Hingga Mei, Jasa Raharja Jambi Bayar Santunan Rp12 Miliar lebih

Kepala Cabang Jasa Raharja Jambi, Eva Yuliasta, saat bersama Kapolda Jambi Irjen Pol Firman Santyabudi.

TINTANUSANTARA.CO.ID, JAMBI – Terhitung Januari hingga Mei 2020, Jasa Raharja Cabang Jambi telah membayar santunan senilai Rp12.102.216.987 yang diperuntukan bagi korban kecelakaan lalu lintas (lakalantas).

“Dari awal Januari hingga akhir Mei, kami telah membayarkan santunan kepada korban lakalantas sebesar Rp12.102.216.987,” kata Kepala Cabang Jasa Raharja Jambi, Eva Yuliasta, Senin (8/6/2020).

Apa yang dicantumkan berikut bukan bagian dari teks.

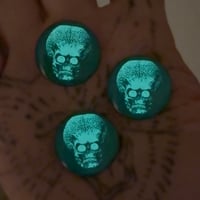 Image 4 of GLOW-IN-THE-DARK "Mars Attacks" Button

Sedangkan khusus di bulai Mei, Jasa Raharja Cabang Jambi telah mengeluarkan santunan mencapai Rp1.328.859.530 yang diperuntukan bagi korban lakalantas baik yang meninggal dunia maupun korban luka-luka yang terjamin Jasa Raharja.

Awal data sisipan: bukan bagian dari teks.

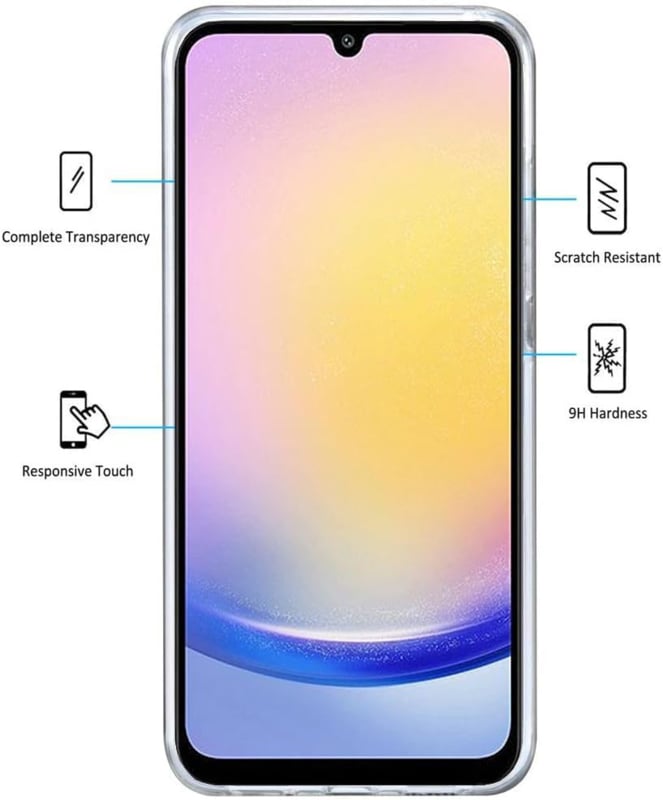 Transparant 360 graden hoesje voor Samsung Galaxy A25 5G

Hanya saja, dimasa pandemi COVID-19, lanjutnya, walaupun telah dilakukan imbauan kepada masyarakat Provinsi Jambi, untuk di rumah saaja, justru berbanding terbalik dengan meningkatnya angka kecelakaan di Provinsi Jambi.

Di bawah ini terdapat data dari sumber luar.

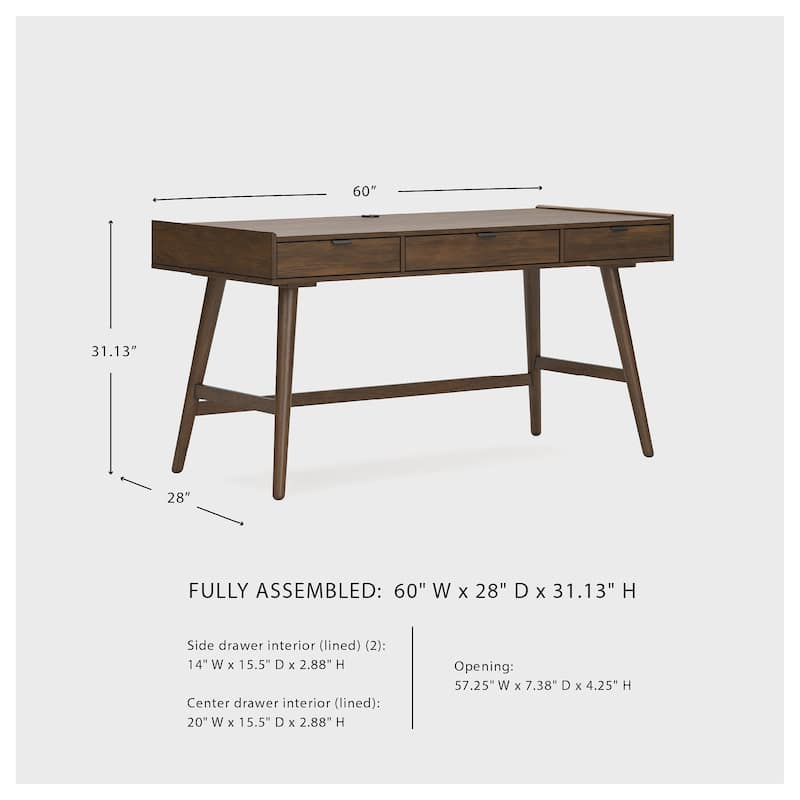 Signature Design by Ashley Lyncott Brown 60" Home Office Desk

Sebab itu, Kepala Jasa Raharja Jambi serta Kapolda Jambi terus mengimbau para pengemudi baik mobil, motor maupun kendaraan besar seperti truk tetap memperhatikan kecepatan selama berkendara di masa pandemi COVID-19 terutama saat melintas dijalan lintas.

Sedangkan di bulan Juni yang sudah mulai memasuki masa normal baru (new normal), Eva mengatakan Jasa Raharja sendiri tetap membuka pelayanan mulai 07:30 hingga 16:00 WIB.

Dia menambahkan, tingkat kecelakaan lalu lintas di wilayah Jambi dimana korban kecelakaannya yang mengalami luka berat dan meninggal dunia banyak dialami pengendara motor dengan truk, dengan mayoritas berjenis kelamin laki-laki dan rata-rata berusia 15-24 tahun.

Sementara rata-rata penyelesaian berkas santunan meninggal dunia hingga April 2020 tidak sampai 2 hari yaitu tepatnya 1,63 hari sejak tanggal kecelakaan. Angka itu menurun 0.01 hari dari bulan April yaitu sebesar 1,62 hari dikarenakan penyesuaian berkas yang harus diteliti lebih lanjut oleh petugas.